WHAT NEEDS TO BE DONE
Counting from the line that holds "Manifestación de los", return each line exactly, through and including the last line of the entries.

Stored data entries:

[Start of section]

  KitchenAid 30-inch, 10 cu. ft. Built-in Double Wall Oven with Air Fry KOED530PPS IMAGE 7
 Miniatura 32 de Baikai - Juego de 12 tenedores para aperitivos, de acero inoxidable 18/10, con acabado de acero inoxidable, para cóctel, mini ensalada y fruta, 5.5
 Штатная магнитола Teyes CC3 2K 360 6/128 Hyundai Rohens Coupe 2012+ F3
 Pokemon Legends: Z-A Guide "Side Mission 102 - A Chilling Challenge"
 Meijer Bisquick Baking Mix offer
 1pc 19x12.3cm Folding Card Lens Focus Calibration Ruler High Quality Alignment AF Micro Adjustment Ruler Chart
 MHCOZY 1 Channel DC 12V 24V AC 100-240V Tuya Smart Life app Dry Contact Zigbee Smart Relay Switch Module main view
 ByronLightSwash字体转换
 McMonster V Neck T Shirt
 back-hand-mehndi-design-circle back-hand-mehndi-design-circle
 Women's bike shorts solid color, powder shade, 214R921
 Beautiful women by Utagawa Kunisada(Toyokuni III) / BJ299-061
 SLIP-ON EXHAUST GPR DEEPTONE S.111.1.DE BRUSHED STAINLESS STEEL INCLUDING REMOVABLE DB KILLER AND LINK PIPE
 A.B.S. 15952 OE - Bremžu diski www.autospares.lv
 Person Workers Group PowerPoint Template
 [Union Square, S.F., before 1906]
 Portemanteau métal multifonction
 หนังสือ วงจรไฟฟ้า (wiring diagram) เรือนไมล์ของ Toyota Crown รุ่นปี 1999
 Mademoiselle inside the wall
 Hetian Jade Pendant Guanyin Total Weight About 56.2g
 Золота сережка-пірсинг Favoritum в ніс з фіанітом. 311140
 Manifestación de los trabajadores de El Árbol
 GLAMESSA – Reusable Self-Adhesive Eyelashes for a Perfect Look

[End of section]

EXERCISE OUTPUT
 Manifestación de los trabajadores de El Árbol
 GLAMESSA – Reusable Self-Adhesive Eyelashes for a Perfect Look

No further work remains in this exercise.